The task.
Reproduce all of the records word for word, omitting the pictures.

#####

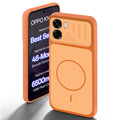 Orange back cover for Oppo K14x 5G with camera cut protection and ring design on back side.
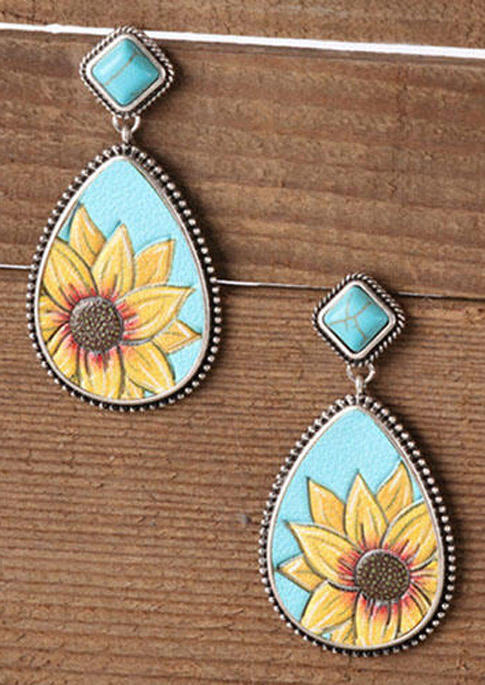 

Sunflower Turquoise Water Drop Shaped Earrings, Blue, 469364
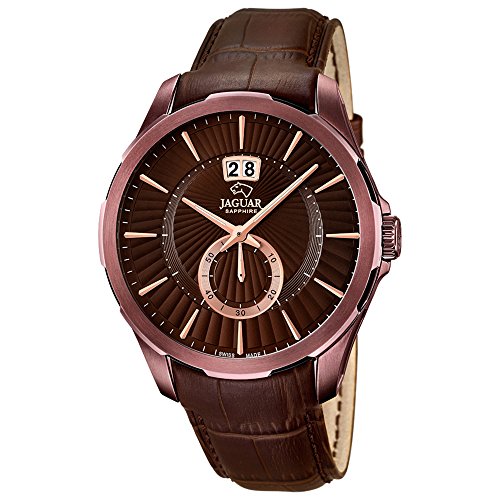 JAGUAR UJ684/1 Men's Watch Elegant Analogue Leather Strap Brown Quartz Watch with Bronze Dial, Brown, Strap.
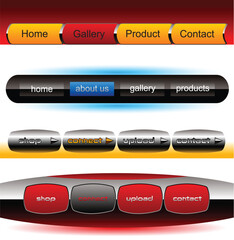 Editable website vector buttons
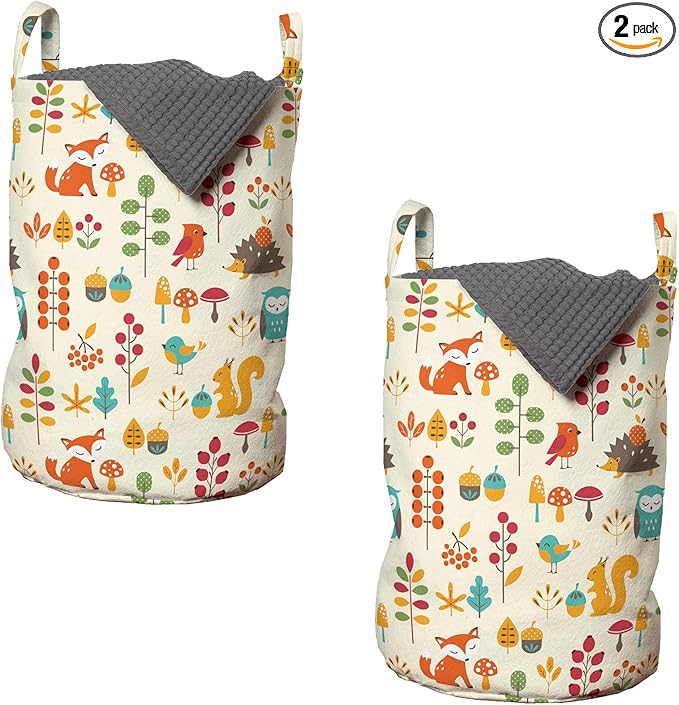 Ambesonne Cartoon Laundry Bag Pack of 2, Autumn Pattern Owl Fox Squirrel Birds Animal Leaves Print, Hamper Basket with Handles Drawstring Closure, 13" x 19", Cream Orange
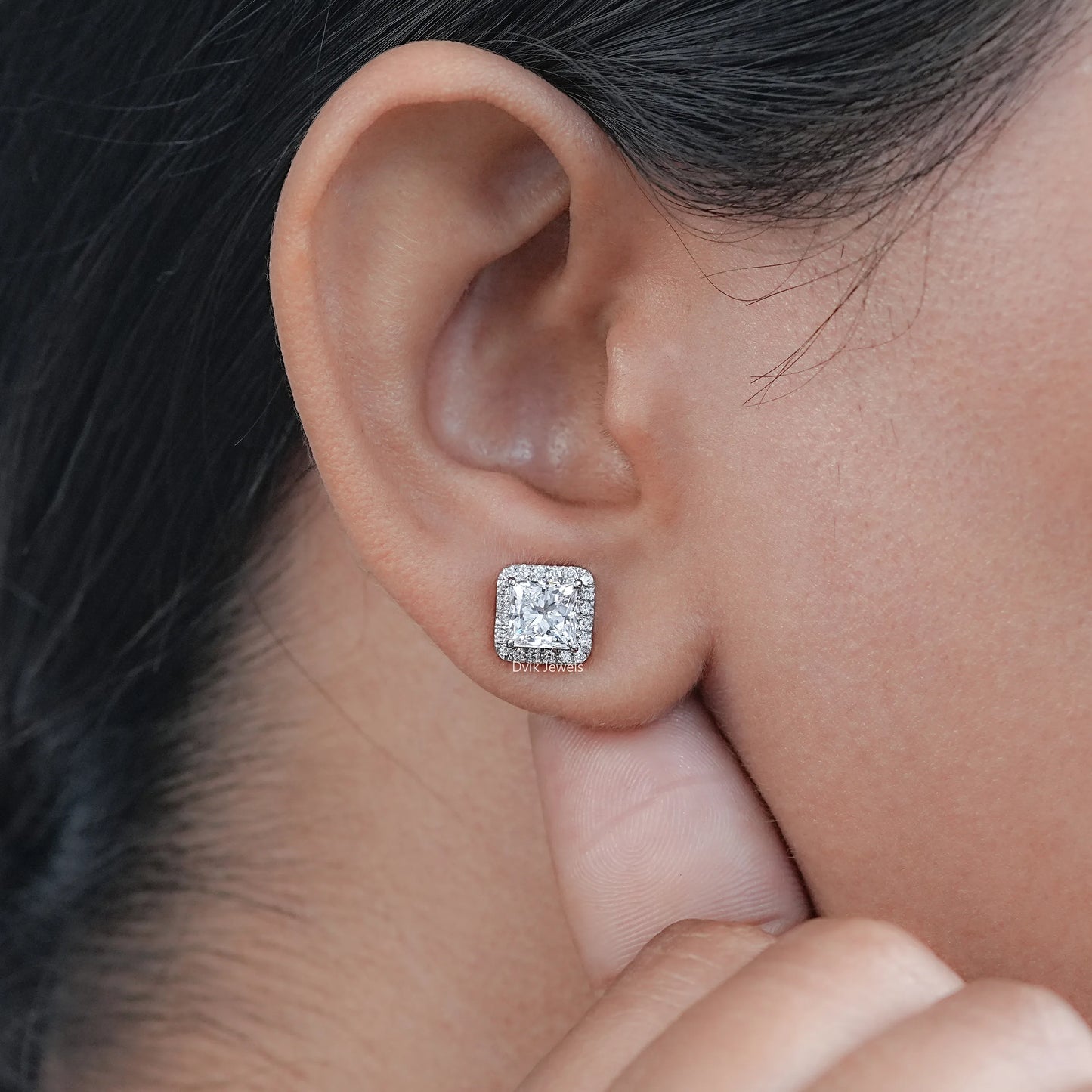 Halo Princess Diamond  Stud Earrings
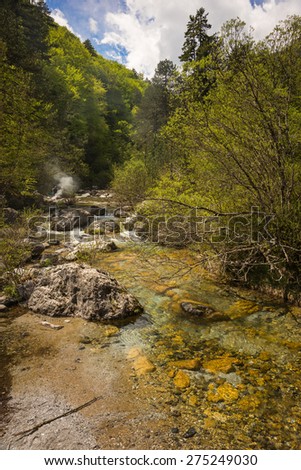 Picturesque river with waterfalls on Mount Olympus, Northern Greece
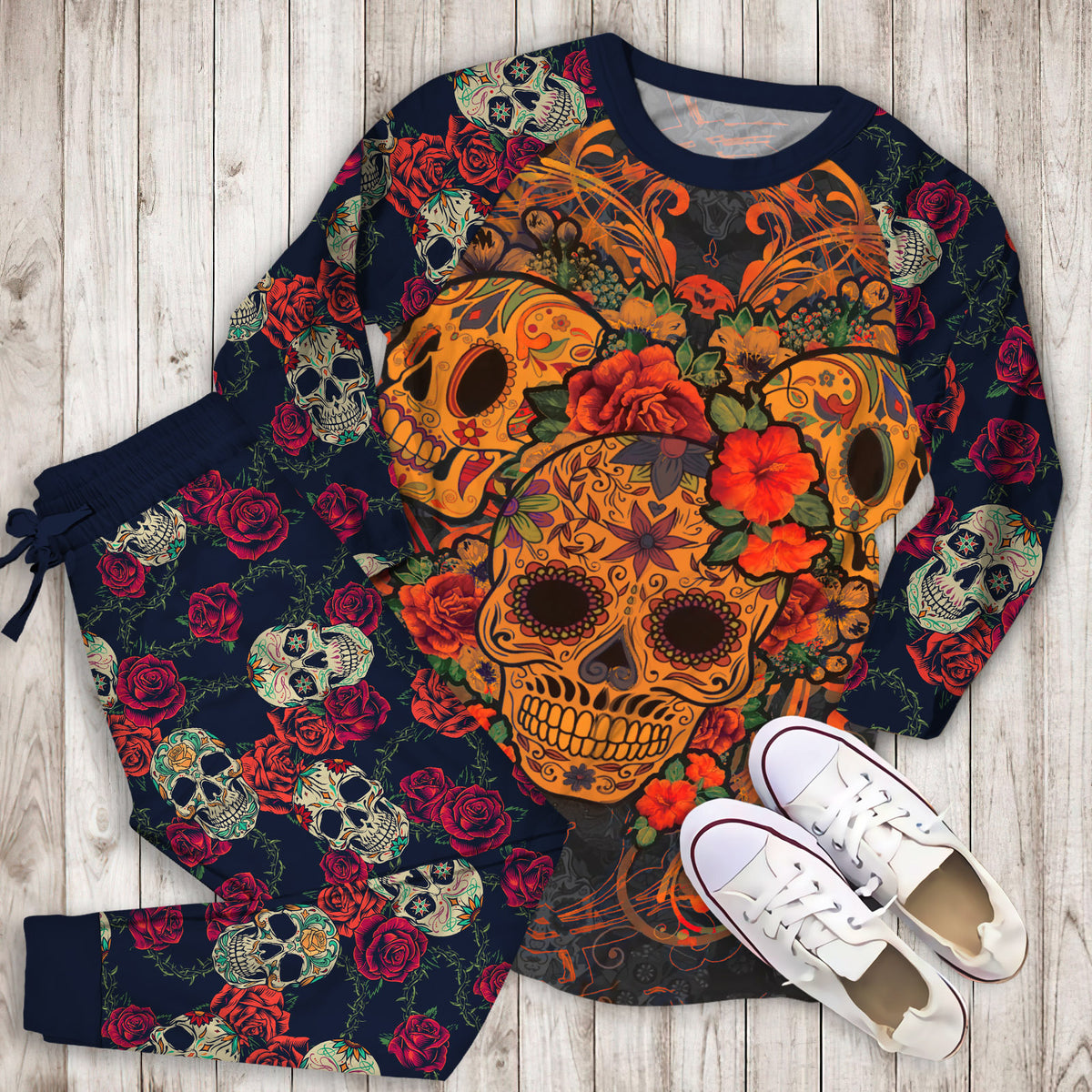 Muertos Day Of The Dead Skulls Pajama Set |Sleepwear Pjs Sets | Raglan Shirt Pants Set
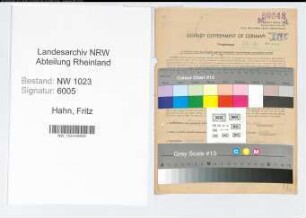 Entnazifizierung Fritz Hahn , geb. 21.12.1908 (Angestellter)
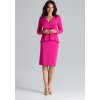 Růžové šaty s límcem K491 Fuchsia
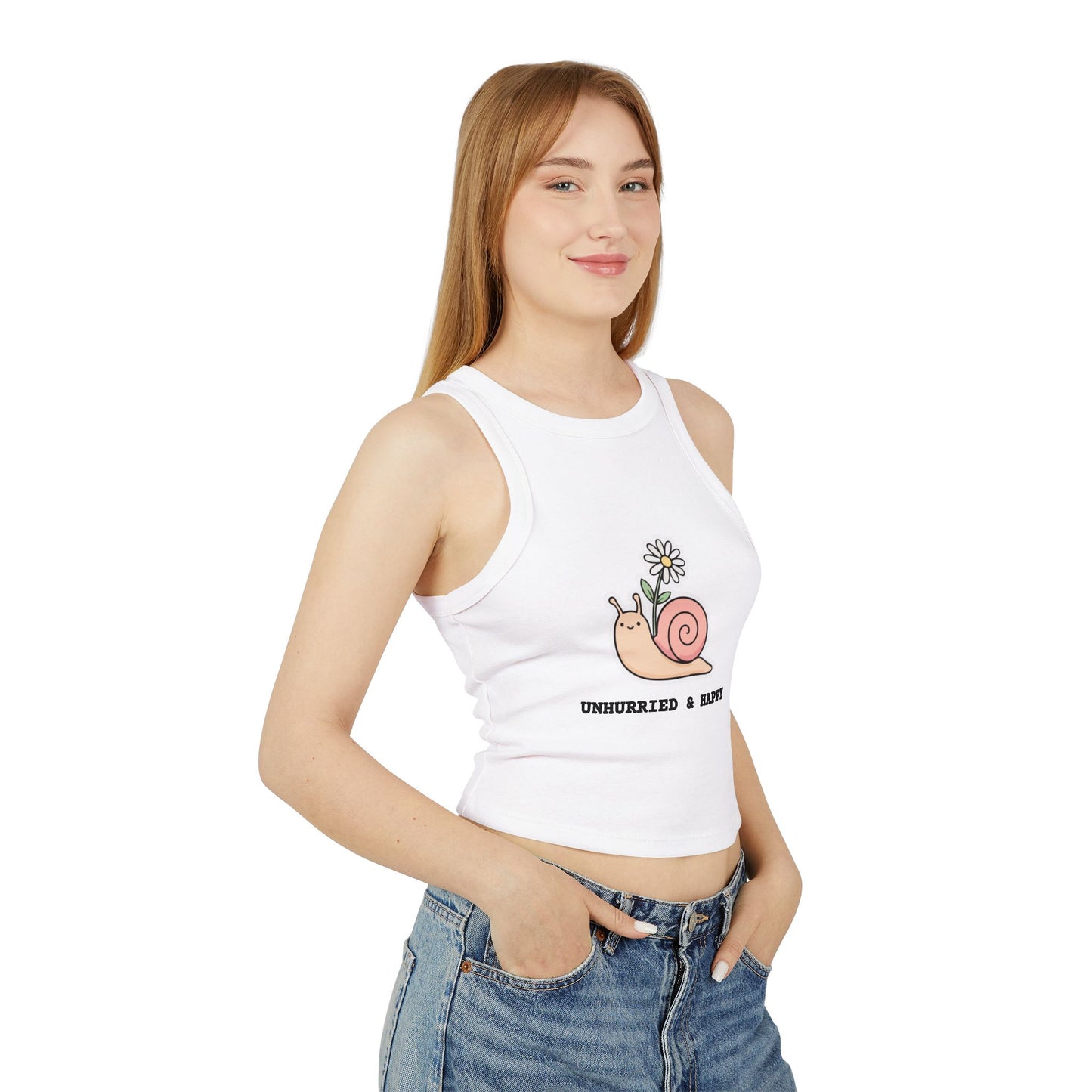 Unhurried Women's Micro Rib Racer Tank Top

#####

Answer for the task.
 Orange back cover for Oppo K14x 5G with camera cut protection and ring design on back side.

Sunflower Turquoise Water Drop Shaped Earrings, Blue, 469364
 JAGUAR UJ684/1 Men's Watch Elegant Analogue Leather Strap Brown Quartz Watch with Bronze Dial, Brown, Strap.
 Editable website vector buttons
 Ambesonne Cartoon Laundry Bag Pack of 2, Autumn Pattern Owl Fox Squirrel Birds Animal Leaves Print, Hamper Basket with Handles Drawstring Closure, 13" x 19", Cream Orange
 Halo Princess Diamond  Stud Earrings
 Picturesque river with waterfalls on Mount Olympus, Northern Greece
 Muertos Day Of The Dead Skulls Pajama Set |Sleepwear Pjs Sets | Raglan Shirt Pants Set
 Entnazifizierung Fritz Hahn , geb. 21.12.1908 (Angestellter)
 Růžové šaty s límcem K491 Fuchsia
 Unhurried Women's Micro Rib Racer Tank Top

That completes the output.